The biggest blow is the tragic death of so many people. Some died of heart attacks while standing in long queues, some BLOs committed suicide due to heavy workload and mental stress. Others took their lives out of despair for not being able to collect the right papers. In the state's ledgers, they might be mere 'side effects of the process'! But each had a family, dreams, and a life. The state did not ask for their work or their papers; it asked for their lives. The responsibility for these deaths lies with those who have made paper more valuable than life.
THE DRAMA OF ACCOUNTABILITY
After the failure and tragic results of this massive undertaking, has anyone taken responsibility? Has the ECI admitted the mistake and apologised? No. Sometimes the excuse of infiltrators, sometimes the complexity of old laws, and sometimes the blame is shifted to the failure of the local administration. In reality, the entire process has been designed so that the ultimate responsibility never falls on the top policy makers. This is a cruel administrative travesty. This aggressive process makes it clear that for the government, political objectives and vote-bank arithmetic are more important than human life.
This whole process has taught us that if the state desires, any ordinary citizen can be instantly made an 'outsider' and that citizenship is not a birth right, but merely a 'temporary privilege granted by the state'. So many deaths, the harassment of millions, and waste of thousands of crores of rupees — this is not just an administrative error, but a 'state crime', a severe attack on the country's democratic structure and the fundamental rights of its people.
THE FIGHT TO PROTECT RIGHTS
However, the fight cannot pause here. We must be focused on standing resolutely with the masses — especially the poor, the elderly, and the illiterate —who are frantically searching for documents and crushed by bureaucratic pressure. This must include widespread community education. We must actively organise camps to make citizens aware of the necessary documents, their legal rights, and the step-by-step process of filing claims and objections, thereby neutralising the state's malicious strategy of spreading fear and confusion.
HUMANITY CRUSHED BY NUMBERS
The number of bogus/false voters is on an average is 60–70 per booth, and this constitute the fundamental basis of Trinamool's victories, as Trinamool casts fraudulent votes in their names. Our unwavering objective is to aggressively challenge the flawed list the moment it drops on December 16th.

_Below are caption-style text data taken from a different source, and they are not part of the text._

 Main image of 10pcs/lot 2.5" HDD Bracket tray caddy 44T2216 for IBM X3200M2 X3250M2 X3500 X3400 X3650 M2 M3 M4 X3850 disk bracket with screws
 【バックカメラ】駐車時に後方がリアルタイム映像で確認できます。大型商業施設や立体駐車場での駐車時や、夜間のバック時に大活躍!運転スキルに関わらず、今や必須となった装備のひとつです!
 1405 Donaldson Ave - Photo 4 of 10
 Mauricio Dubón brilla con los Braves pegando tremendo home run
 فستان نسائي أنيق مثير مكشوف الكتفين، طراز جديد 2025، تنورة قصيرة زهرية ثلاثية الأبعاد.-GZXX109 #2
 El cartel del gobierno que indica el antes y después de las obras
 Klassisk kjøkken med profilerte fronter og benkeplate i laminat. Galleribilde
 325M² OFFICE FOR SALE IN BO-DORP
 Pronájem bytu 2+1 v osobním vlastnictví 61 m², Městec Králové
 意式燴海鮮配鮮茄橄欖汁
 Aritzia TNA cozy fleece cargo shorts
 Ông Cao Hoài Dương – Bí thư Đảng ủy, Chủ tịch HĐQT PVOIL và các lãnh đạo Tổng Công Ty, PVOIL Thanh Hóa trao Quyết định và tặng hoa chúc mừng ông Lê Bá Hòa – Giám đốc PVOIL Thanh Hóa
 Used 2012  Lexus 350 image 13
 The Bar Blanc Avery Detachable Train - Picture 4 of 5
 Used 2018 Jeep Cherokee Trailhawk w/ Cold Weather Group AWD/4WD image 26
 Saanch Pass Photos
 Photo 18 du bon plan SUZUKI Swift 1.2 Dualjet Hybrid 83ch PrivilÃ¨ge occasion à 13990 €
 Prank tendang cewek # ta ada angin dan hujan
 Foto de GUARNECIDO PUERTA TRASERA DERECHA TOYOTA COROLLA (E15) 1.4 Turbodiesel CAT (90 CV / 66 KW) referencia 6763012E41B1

We must mobilise immediately to meticulously identify and ensure the exclusion of every fake voter — the deceased, bogus, shifted, and duplicates. Simultaneously, our absolute mandate is to guarantee that not a single genuine, eligible citizen is expunged in this conspiracy of darkness. We must document every instance of official malpractice and bureaucratic negligence, building a case to hold system administrators accountable for the havoc they have wreaked.
This is not merely a paperwork war; this is a decisive battle for human rights, dignity, and the defence of democracy. This effort is essential to restore faith in the electoral process, proving that people's power is supreme. This is the real fight, and we must wage it both on the ground and in the public discourse.